Task brief:
Below are lines of data, and only some are wanted. Please repeat exactly those from the line that has "Volkswagen Passat 1.4" through the line that has "Toyota Hilux 2.4 D-4D 4WD CD CH - 24".

Records provided:
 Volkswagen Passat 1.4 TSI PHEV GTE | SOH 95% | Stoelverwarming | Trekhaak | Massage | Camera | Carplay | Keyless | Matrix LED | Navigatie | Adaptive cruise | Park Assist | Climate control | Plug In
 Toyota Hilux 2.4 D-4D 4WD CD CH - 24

* * *

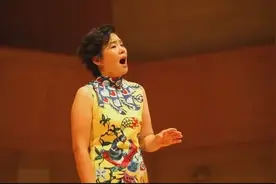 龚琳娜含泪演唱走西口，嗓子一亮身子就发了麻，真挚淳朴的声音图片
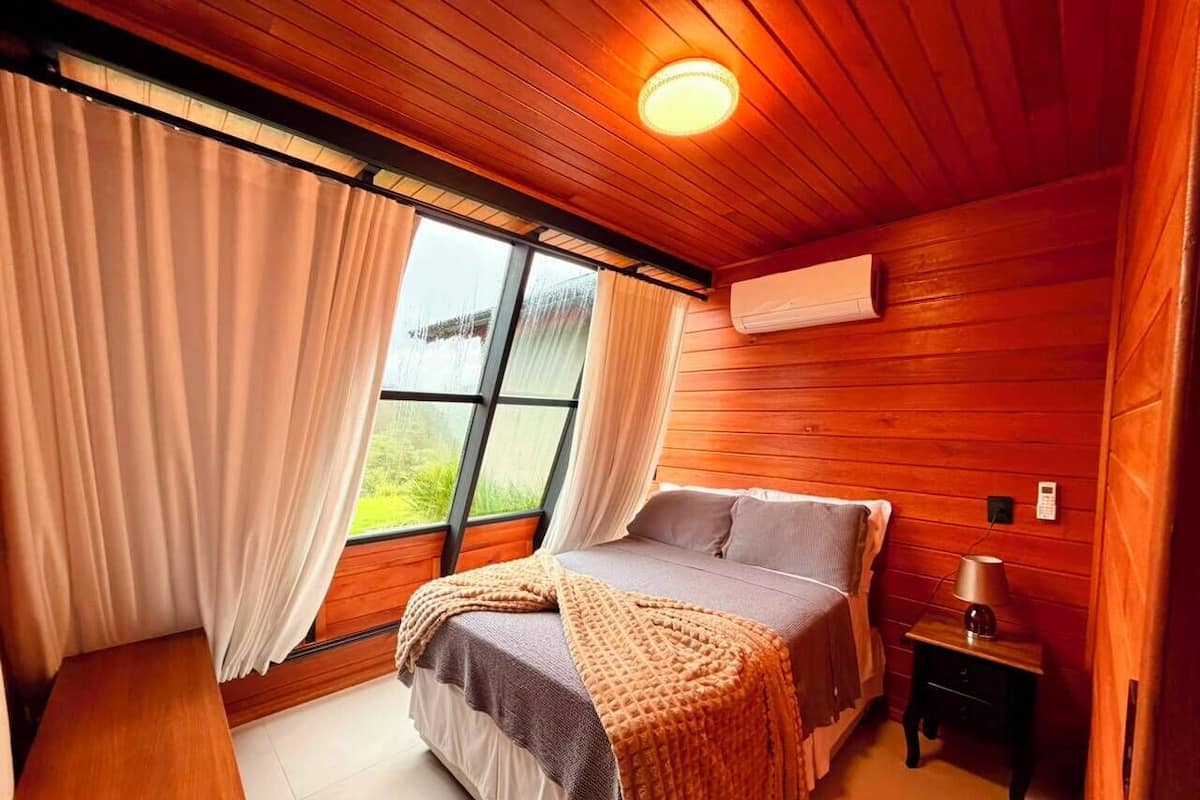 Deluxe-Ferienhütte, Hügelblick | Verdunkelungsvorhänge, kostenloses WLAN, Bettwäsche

Final answer:
 Volkswagen Passat 1.4 TSI PHEV GTE | SOH 95% | Stoelverwarming | Trekhaak | Massage | Camera | Carplay | Keyless | Matrix LED | Navigatie | Adaptive cruise | Park Assist | Climate control | Plug In
 Toyota Hilux 2.4 D-4D 4WD CD CH - 24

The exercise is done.